Dataset section
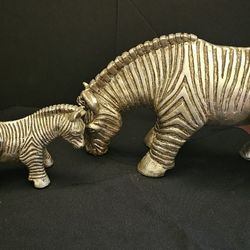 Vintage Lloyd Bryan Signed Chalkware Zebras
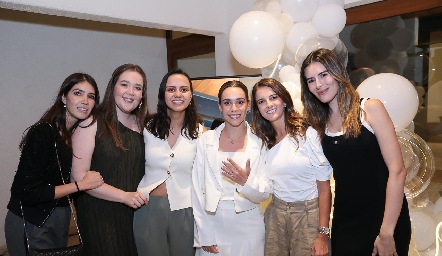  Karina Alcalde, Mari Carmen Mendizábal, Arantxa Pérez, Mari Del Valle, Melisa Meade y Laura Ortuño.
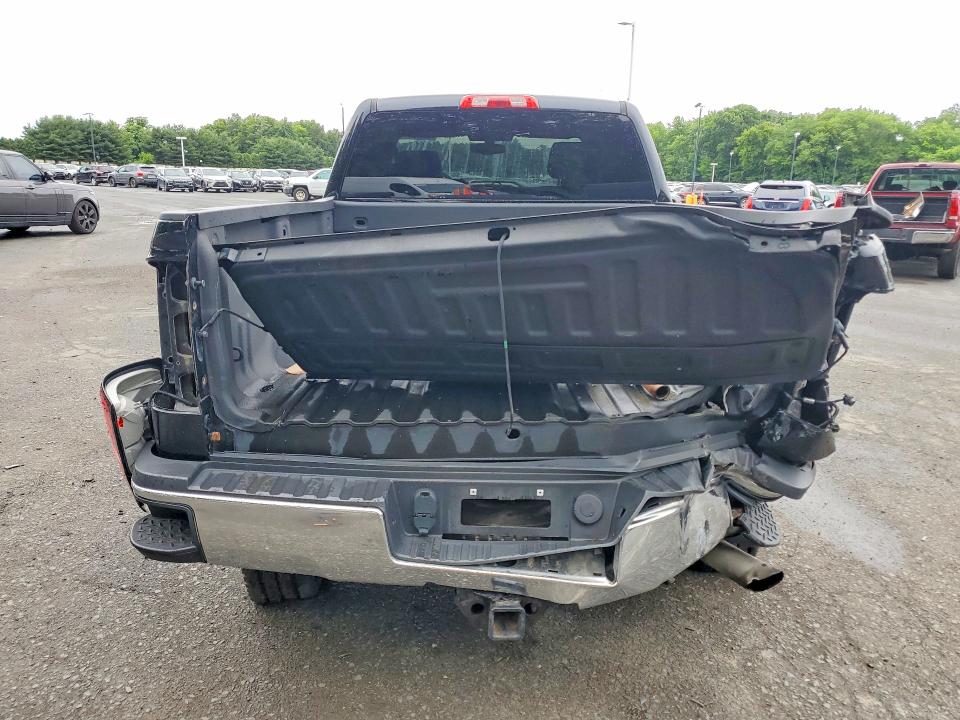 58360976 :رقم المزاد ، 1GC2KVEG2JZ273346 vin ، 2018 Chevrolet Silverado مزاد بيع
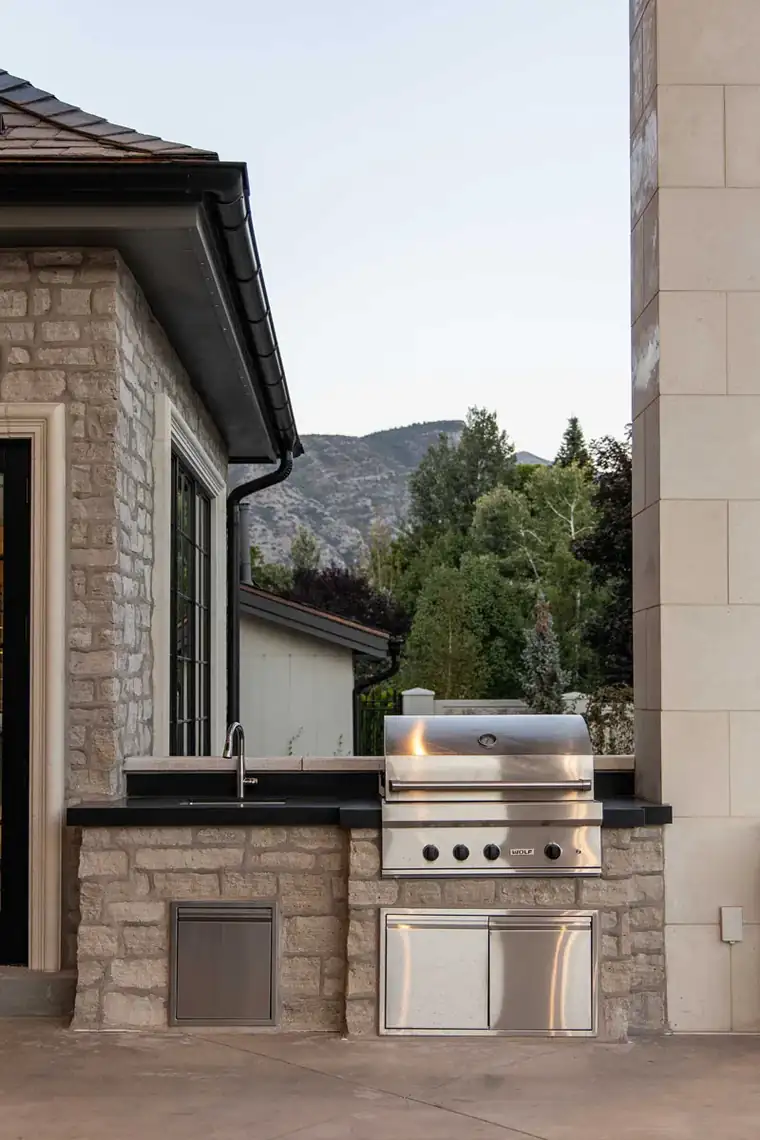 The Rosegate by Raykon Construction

Work request
All of the data is to be transcribed exactly, with images omitted.

Task response
 Vintage Lloyd Bryan Signed Chalkware Zebras
  Karina Alcalde, Mari Carmen Mendizábal, Arantxa Pérez, Mari Del Valle, Melisa Meade y Laura Ortuño.
 58360976 :رقم المزاد ، 1GC2KVEG2JZ273346 vin ، 2018 Chevrolet Silverado مزاد بيع
 The Rosegate by Raykon Construction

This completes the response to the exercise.